Impire is a dungeon keeper game set in Ardania, the setting of the Majesty series. How does Impire compared to Dungeons 3 and the old Dungeon Keeper games? Mostly poorly, which is too bad, since neither of those were all that great. Dungeon Keeper (and DK2) had promise and Dungeons 3 is mechanically solid but has poor writing and won’t shut up. Impire, by contrast, is slightly more boring mechanically while being just as bad in writing, although they don’t spend as much time on the cut scenes, at least.
In Impire, you play as Baal, a demon king summoned to help the warlock Oscar get petty revenge on everyone who wronged him. Oscar is petulant, entitled, and stupid, and on the one hand that’s a realistic depiction of typical human evil, but on the other hand it’s not super fun to be taking orders from this guy. Baal does at least threaten to skin Oscar alive any time he gets too uppity, but we still spend all our time pursuing this guy’s petty dreams of wealth, power, and lust. You do get a chance at the end to choose between Oscar and Velvet the Phantom King, an ancient ghost you release at the end of Act III (of IV) but who turns out to be good. I went Phantom King because sure, it’s pretty out-of-theme to save the world instead of conquering it, but I was beyond sick of Oscar.
It seems like this was originally supposed to be more of a thing, as a medusa queen and a noble king both make the same offer to Baal at different parts of the story, but he rejects both of them without the player choosing anything. Maybe you were originally supposed to be able to choose between four different factions, the default one for Oscar and then you’d have a chance to swap out for a new one periodically. The last act of the game has two completely different sets of cut scenes (maybe even completely different stages, I haven’t checked what Oscar’s route looks like, but the Phantom King’s route is clearly not recycling cut scenes from Oscar’s because Oscar is dead and the cut scenes feature the Phantom King heavily), so this would require more and more divergent cut scenes the more different versions of each mission there were.
Mechanically, every mission is the same, at least on normal difficulty. First you build up a dungeon, then you send your maxed out army to conquer everything. You’re almost never under any pressure to build quickly, so you can use the exact same army build every time. You have to change dungeon layout a little to deal with different underground terrain, but there’s always enough room for everything you want, so it changes very little.

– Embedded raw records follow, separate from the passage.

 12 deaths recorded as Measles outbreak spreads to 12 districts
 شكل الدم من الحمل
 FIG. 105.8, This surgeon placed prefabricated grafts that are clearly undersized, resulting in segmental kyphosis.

It’s not unplayably bad, but I wouldn’t have finished it if I didn’t want to play the dungeon keeper genre thoroughly for academic reasons. The only game in the genre I haven’t played (that I know of – indies are hard to keep track of) is War for the Overworld and the recently released Dungeons 4. For the latter, it seems pretty similar to Dungeons 3, so I feel like I gave that series a chance and it’s the best the genre has to offer so far, but its new installment won’t fix its flaws. I don’t know how War for the Overworld will go, we’ll see if its plot is any better.

If you are still hungry for a Dungeon Keeper -likes in the year 2024 – give KeeperRL a try. IMO, it’s the best one by far.